This implementation of the random forest (and bagging) algorithm differs
from the reference implementation in randomForest
with respect to the base learners used and the aggregation scheme applied.
Conditional inference trees, see ctree
, are fitted to each
of the ntree
(defined via cforest_control
)
bootstrap samples of the learning sample. Most of the hyper parameters in
cforest_control
regulate the construction of the conditional inference trees.
Therefore you MUST NOT change anything you don't understand completely.
Hyper parameters you might want to change in cforest_control
are:
1. The number of randomly preselected variables mtry
, which is fixed
to the value 5 by default here for technical reasons, while in
randomForest
the default values for classification and regression
vary with the number of input variables.
2. The number of trees ntree
. Use more trees if you have more variables.
3. The depth of the trees, regulated by mincriterion
. Usually unstopped and unpruned
trees are used in random forests.
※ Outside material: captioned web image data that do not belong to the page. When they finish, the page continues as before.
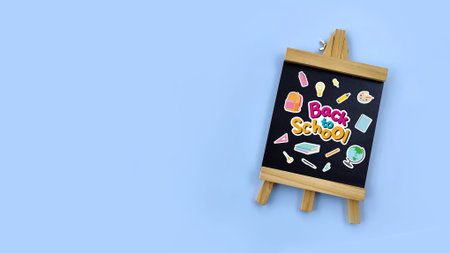 Back to School chalkboard with school supplies stickers on a blue background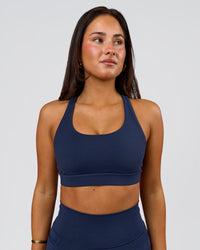 Woman wearing Flow Sports Bra - Future Navy | Model:Bianca | Size:S | Thumbnail Index: 0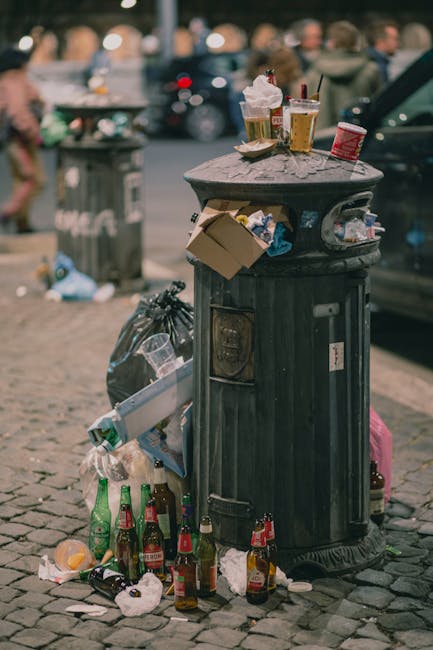 A black, cylindrical public rubbish bin made of metal, situated on a cobblestone pavement, is overflowing with various trash items. The top surface of the bin holds used paper cups with plastic lids, a disposable food container with some leftover food, and a crumpled paper napkin, all appearing to be food-related waste. Around the base of the bin, there are several glass bottles, mostly with red and green labels, some lying on their sides and some with caps, along with discarded paper and plastic wrappers. A black garbage bag is tied and positioned next to the bin, facilitating additional waste disposal. In the blurred background, pedestrians and parked vehicles are visible, indicating a busy street scene. Some trash is also spilling over the sides of the bin and onto the cobblestone surface, suggesting it has not been emptied recently. The environment appears to be an outdoor urban area, where individuals may have left rubbish after eating or socializing, highlighting the importance of waste collection services like those offered by Rubbish Clearance Finchley for effective rubbish removal and street cleanliness.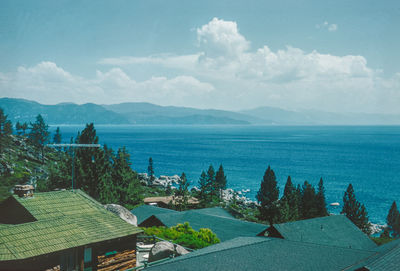 High angle view of townscape by sea against sky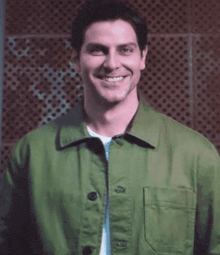 a man wearing a green jacket is smiling and looking at the camera .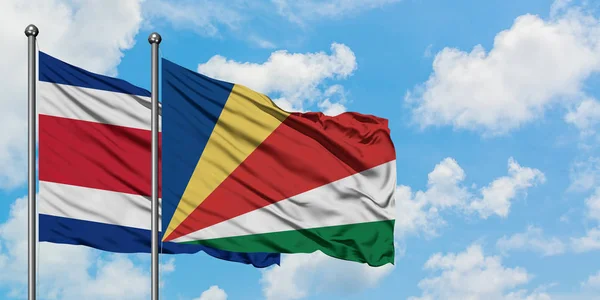 Bandera de Costa Rica y Seychelles ondeando en el viento contra el cielo azul nublado blanco juntos. Concepto diplomático, relaciones internacionales . — Foto de Stock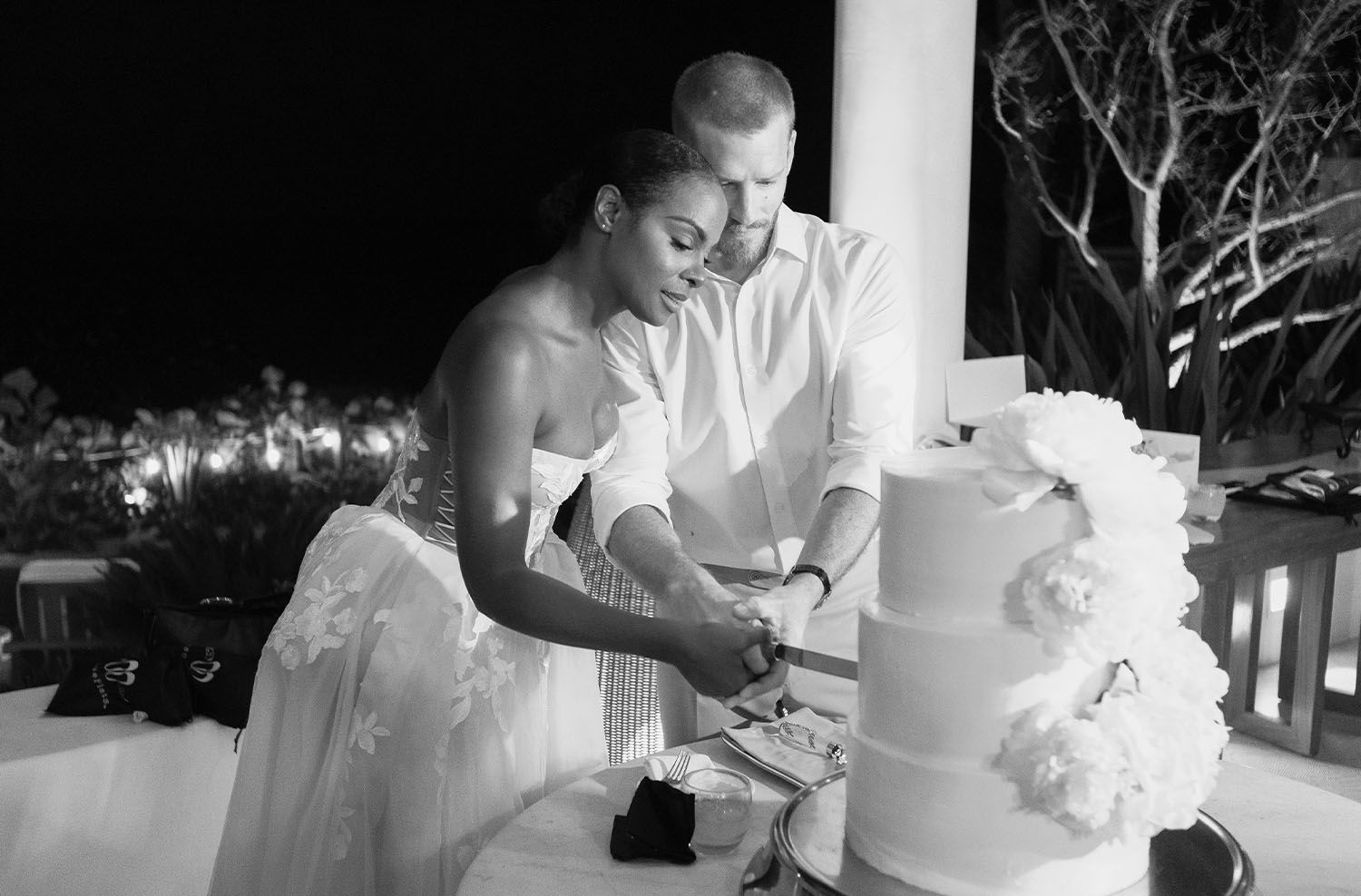 Tika Sumpter and Nick James Cutting Wedding Cake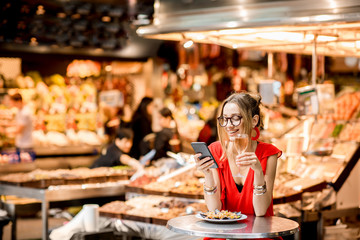 Young woman in red dress having lunch with mussels and rose wine sitting at the food market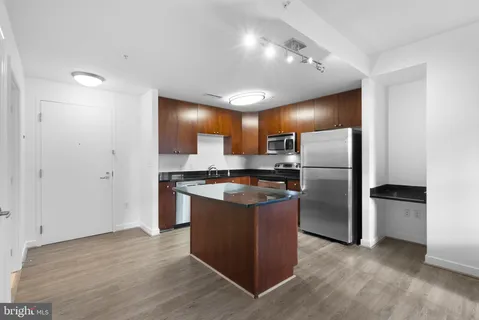 a kitchen with stainless steel appliances granite countertop a refrigerator and a stove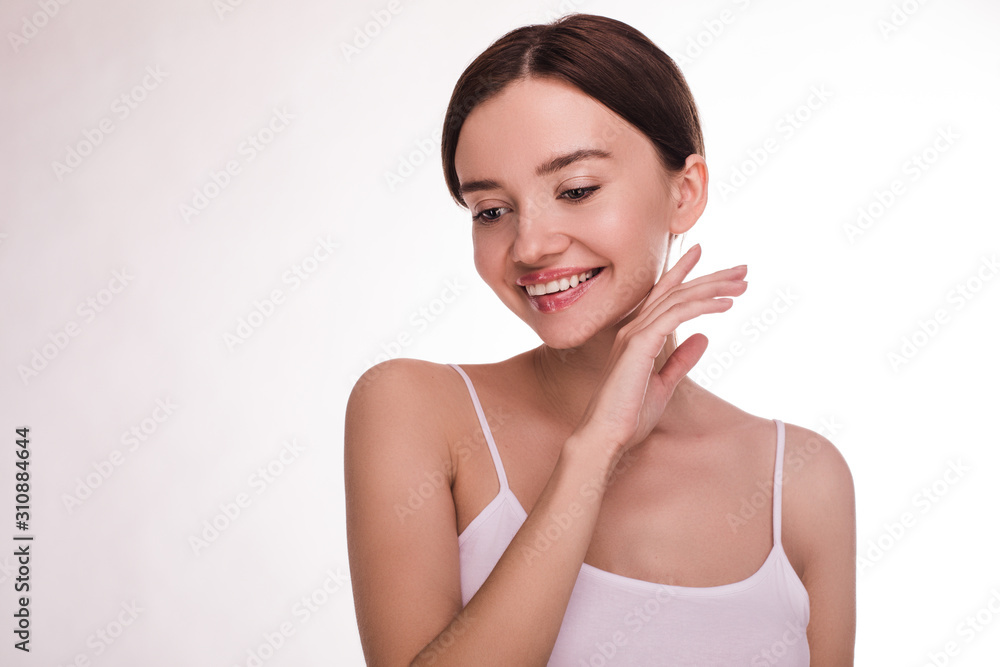 Cheerful beautiful and attractive young woman with clear skin and nice face posing on camera. Look down to left and smile. Wear t-shirt on stripes. Slim well-built professional model. Isolated. Cheerful beautiful and attractive young woman with clear skin and nice face posing on camera. Look down to left and smile. Wear t-shirt on stripes. Slim well-built professional model. Isolated.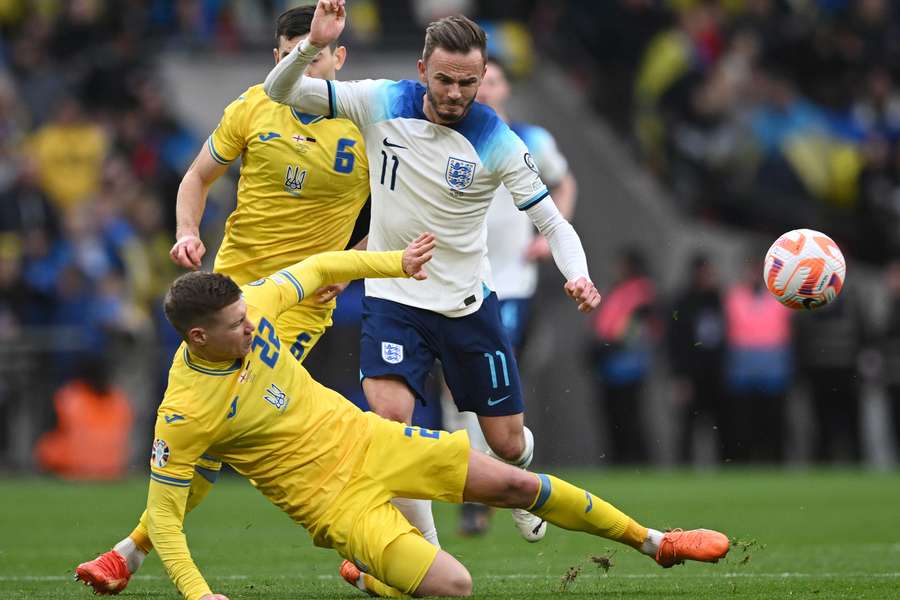 Ukraine's defender Mykola Matviyenko tackles England's midfielder James Maddison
To grow large trees, set mincriterion
to a small value.
The aggregation scheme works by averaging observation weights extracted
from each of the ntree
trees and NOT by averaging predictions directly
as in randomForest
.
See Hothorn et al. (2004) for a description.
Predictions can be computed using predict
. For observations
with zero weights, predictions are computed from the fitted tree
when newdata = NULL
. While predict
returns predictions
of the same type as the response in the data set by default (i.e., predicted class labels for factors),
treeresponse
returns the statistics of the conditional distribution of the response
(i.e., predicted class probabilities for factors). The same is done by predict(..., type = "prob")
.
Note that for multivariate responses predict
does not convert predictions to the type
of the response, i.e., type = "prob"
is used.
Ensembles of conditional inference trees have not yet been extensively
tested, so this routine is meant for the expert user only and its current
state is rather experimental. However, there are some things available
in cforest
that can't be done with randomForest
,
for example fitting forests to censored response variables (see Hothorn et al., 2006a) or to
multivariate and ordered responses.
Moreover, when predictors vary in their scale of measurement of number
of categories, variable selection and computation of variable importance is biased
in favor of variables with many potential cutpoints in randomForest
,
while in cforest
unbiased trees and an adequate resampling scheme
are used by default. See Hothorn et al. (2006b) and Strobl et al. (2007)
as well as Strobl et al. (2009).
The proximity
matrix is an \(n \times n\) matrix \(P\) with \(P_{ij}\)
equal to the fraction of trees where observations \(i\) and \(j\)
are element of the same terminal node (when both \(i\) and \(j\)
had non-zero weights in the same bootstrap sample).